Example Question #131 : Algebra

\displaystyle x^{2}-5x=-6 What is \displaystyle x?

(1) \displaystyle x is positive

(2) \displaystyle x< 3

Possible Answers:

Statement 1 alone is sufficient.

Both statements together are sufficient.

Statements 1 and 2 together are not sufficient.

Statement 2 alone is sufficient.

Each statement alone is sufficient.

Correct answer:

Statement 2 alone is sufficient.

Explanation:

Firstly, we should try to simplify the equation, to see solutions for \displaystyle x. We get \displaystyle (x-3)(x-2). The best west way to simplify quadratic equations is to find the possible factors for the last term \displaystyle c in the general quadratic equation \displaystyle ax^{2}+bx+c and those two factors must add up to \displaystyle b. Here for example, \displaystyle -2 and \displaystyle -3 add up to \displaystyle -5 and their products is \displaystyle 6.

So we have to solutions for the equation and we need to know what \displaystyle x we are looking for.

Statement 1 tells us that \displaystyle x is positive, however, the two possible solutions are positive and therefore, statement 1 doesn't help us find the correct solution for \displaystyle x.

Statement 2 tells us that \displaystyle x is smaller than 3. Only one of our solutions is smaller than 3. Therefore statement 2 alone is sufficient.

 

 

Example Question #1 : Linear Equations, One Unknown

\displaystyle x^{2}+2x=3. What is \displaystyle x?

(1) \displaystyle -4< x< 2

(2) \displaystyle x is an integer

Possible Answers:

Each statement alone is sufficient.

Statement 1 alone is sufficient.

Both statements together are sufficient.

Statements 1 and 2 together are not sufficient.

Statement 2 alone is sufficient.

Correct answer:

Statements 1 and 2 together are not sufficient.

Explanation:

First, we should try to simplify the quadratic equation, and we get \displaystyle (x+3)(x-1)=0. This allows to see the two solutions for our equation.

Statement 1 tells us that \displaystyle x is between \displaystyle -4 and \displaystyle 2. But both possible solutions are in this interval. Therefore statement 1 alone is not sufficient.

Statement 2 tells us that \displaystyle x is an integer, which we already knew by reducing the equation. Therefore, this statements doesn't help us find a single value for \displaystyle x

Statements 1 and 2 together are still insufficient, since none can help us find a single value for \displaystyle x.

Example Question #131 : Algebra

\displaystyle x^{2}-6x=-5. What is \displaystyle x?

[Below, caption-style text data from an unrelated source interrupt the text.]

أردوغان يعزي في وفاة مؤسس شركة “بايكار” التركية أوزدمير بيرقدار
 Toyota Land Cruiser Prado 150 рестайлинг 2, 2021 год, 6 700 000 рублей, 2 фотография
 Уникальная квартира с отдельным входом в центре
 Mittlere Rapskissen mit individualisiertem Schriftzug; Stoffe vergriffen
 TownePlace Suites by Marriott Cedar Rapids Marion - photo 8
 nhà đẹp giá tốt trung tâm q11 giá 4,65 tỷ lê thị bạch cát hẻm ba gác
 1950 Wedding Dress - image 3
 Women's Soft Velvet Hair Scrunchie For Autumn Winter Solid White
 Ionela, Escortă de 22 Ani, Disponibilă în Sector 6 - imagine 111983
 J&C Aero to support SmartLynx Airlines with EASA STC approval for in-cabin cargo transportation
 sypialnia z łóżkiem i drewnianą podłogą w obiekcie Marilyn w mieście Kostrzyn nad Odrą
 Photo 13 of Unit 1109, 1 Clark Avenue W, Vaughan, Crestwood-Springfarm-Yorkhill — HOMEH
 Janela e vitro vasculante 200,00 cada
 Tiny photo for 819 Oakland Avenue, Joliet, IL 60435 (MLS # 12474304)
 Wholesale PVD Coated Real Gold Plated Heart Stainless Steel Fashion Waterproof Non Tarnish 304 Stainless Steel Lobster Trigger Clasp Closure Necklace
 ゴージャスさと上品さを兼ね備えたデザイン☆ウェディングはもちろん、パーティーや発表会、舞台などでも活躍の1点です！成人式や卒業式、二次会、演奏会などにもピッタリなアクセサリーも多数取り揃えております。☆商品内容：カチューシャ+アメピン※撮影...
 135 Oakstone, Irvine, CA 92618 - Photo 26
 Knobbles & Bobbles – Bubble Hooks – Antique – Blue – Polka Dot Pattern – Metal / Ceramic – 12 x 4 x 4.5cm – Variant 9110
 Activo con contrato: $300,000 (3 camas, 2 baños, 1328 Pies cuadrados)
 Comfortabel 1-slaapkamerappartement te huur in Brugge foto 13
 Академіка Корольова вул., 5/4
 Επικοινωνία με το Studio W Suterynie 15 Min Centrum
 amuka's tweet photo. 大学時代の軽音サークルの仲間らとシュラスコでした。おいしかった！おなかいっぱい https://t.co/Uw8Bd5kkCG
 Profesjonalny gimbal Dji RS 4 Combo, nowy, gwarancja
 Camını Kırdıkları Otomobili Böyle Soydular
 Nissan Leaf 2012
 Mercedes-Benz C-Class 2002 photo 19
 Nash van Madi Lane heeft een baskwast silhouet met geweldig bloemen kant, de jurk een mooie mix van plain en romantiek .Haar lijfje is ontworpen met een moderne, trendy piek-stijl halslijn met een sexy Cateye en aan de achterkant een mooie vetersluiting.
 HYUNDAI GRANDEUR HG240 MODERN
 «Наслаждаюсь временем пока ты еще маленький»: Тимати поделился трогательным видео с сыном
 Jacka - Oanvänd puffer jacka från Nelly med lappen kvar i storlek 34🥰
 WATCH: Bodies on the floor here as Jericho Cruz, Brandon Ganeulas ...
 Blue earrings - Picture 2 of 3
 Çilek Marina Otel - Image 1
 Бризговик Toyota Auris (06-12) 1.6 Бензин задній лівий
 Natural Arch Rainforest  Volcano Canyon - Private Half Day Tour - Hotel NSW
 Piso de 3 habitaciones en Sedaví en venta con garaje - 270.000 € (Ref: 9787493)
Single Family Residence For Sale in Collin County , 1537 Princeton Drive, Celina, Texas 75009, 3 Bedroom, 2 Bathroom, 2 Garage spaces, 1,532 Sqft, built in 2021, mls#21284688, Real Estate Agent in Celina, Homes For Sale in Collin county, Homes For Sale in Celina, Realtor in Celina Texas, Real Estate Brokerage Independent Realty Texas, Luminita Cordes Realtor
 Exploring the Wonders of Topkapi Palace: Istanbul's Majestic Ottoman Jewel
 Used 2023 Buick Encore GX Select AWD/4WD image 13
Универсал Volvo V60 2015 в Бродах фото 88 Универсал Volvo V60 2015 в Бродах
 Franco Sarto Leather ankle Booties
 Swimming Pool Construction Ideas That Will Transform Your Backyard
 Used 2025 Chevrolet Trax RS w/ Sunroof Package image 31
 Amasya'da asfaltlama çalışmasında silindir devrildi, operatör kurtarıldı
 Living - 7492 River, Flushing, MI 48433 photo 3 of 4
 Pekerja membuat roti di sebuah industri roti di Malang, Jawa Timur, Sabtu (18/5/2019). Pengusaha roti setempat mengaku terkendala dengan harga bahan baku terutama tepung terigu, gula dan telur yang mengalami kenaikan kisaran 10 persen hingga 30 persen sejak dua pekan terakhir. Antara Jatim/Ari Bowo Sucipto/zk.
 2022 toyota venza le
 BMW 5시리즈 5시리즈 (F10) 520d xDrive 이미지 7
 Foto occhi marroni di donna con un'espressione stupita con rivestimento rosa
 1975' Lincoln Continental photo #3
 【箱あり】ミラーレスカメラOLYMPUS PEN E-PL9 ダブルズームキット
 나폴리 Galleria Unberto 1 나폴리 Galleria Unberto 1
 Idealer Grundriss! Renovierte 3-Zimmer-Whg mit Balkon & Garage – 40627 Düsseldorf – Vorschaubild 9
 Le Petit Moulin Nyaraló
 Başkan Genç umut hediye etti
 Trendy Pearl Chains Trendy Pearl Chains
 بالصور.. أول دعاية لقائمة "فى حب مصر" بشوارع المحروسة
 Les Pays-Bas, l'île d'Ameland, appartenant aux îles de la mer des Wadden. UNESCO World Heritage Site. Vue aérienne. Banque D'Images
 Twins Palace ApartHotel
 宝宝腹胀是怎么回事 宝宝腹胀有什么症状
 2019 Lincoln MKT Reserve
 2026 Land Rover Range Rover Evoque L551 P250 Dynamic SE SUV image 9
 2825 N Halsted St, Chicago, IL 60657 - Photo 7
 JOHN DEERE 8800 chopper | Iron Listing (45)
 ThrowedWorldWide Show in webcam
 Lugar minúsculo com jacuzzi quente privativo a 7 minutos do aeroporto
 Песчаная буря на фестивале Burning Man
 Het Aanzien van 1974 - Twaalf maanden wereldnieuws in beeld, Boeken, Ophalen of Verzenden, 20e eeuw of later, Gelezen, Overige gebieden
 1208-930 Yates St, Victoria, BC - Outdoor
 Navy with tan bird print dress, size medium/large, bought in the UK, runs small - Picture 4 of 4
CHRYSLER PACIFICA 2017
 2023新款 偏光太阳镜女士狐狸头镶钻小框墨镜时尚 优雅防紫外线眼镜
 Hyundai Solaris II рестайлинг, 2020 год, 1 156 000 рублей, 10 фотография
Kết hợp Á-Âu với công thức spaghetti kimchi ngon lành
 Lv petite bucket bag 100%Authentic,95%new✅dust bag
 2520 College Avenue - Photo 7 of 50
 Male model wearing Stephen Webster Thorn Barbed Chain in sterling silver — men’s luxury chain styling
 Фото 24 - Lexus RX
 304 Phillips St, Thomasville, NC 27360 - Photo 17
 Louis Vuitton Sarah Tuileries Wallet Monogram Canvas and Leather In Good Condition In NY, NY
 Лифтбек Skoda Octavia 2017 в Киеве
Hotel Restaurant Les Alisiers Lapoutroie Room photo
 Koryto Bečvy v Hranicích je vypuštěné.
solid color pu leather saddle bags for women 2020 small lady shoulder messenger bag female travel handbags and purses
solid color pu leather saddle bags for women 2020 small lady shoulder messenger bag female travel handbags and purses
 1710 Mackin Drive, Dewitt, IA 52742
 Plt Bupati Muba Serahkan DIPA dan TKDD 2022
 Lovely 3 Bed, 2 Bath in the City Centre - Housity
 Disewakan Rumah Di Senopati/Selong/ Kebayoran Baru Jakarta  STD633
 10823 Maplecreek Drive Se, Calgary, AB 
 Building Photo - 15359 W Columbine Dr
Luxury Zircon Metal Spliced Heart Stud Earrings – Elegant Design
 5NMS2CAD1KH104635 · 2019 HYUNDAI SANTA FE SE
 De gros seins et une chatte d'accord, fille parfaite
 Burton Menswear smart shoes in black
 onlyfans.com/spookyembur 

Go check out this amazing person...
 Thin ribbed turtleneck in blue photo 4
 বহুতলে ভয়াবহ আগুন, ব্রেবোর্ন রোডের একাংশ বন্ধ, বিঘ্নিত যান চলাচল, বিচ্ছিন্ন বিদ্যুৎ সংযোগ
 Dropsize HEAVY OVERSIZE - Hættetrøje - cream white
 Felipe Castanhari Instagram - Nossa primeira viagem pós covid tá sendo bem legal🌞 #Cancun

(1) \displaystyle x^{2}=25

(2) \displaystyle \left | x\right |= 5

Possible Answers:

Statement 2 alone is sufficient.

Each statement alone is sufficient.

Both statements together are insufficient.

Statement 1 alone is sufficient.

Statements 1 and 2 together are not sufficient.

Correct answer:

Each statement alone is sufficient.

Explanation:

Firstly, we should try to find a simplified equation to better see the possible values for \displaystyle x. We get \displaystyle (x-1)(x-5). We can see that \displaystyle x can either be \displaystyle 1 or \displaystyle 5.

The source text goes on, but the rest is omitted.